I’m very happy and grateful to be included in the magazine, as I’ve always loved the way their content speaks to arts and politics, not just one or the other. It means they get to the questions, not ideas alone.
I also really enjoyed answering the questions the interviewer, Amanda Dennis, asked me as they helped me question and articulate my feelings on my novel Ezekiel.
Here’ a bit of what they had to say about my book before the questions and answers:
Fanning’s debut novel, Ezekiel, which is full of [such] questions, particularly about the role of the contemporary writer vis-à-vis various social institutions and cultural norms. The book’s way of questioning grows out of Fanning’s encounter with the history of the Languedoc region, especially its history of resistance, both spiritual and political.

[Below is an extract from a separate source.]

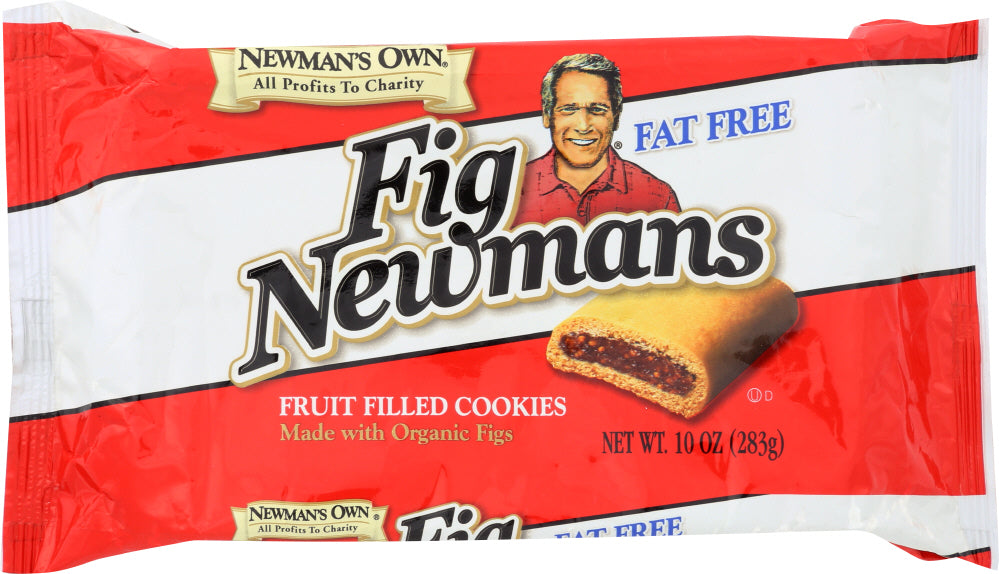 NEWMAN'S OWN ORGANIC: Fat Free Fig Newmans, 10 oz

Ezekiel’s protagonist, Ezekiel Yusuf Moran, comes of age in Provence in the 1920’s and 30’s. His full name combines Arabic, Jewish, and Irish influences, communicating his position at the crossroads of cultures. In some ways, Ezekiel is a man from nowhere, and his sense of displacement is accentuated by his rejection of French nationalism and his taking up the mantle of the résistants during WWII. But the bulk of the novel takes place in the aftermath of war, and the warm-hearted book plays with the conventions of epic, as Ezekiel crosses postwar Europe, before traveling on to Scotland and Ireland, Mecca and India, in search of the sort of spiritual independence most threatened by (and threatening to) totalitarian regimes. In scope, the novel reaches beyond the 20th century, through its engagement with the ancient Judaic, mystical sect of the Essenes (into which Ezekiel’s father initiates him) and through its portrayal of a disenchantment and political frustration that feel all too timely.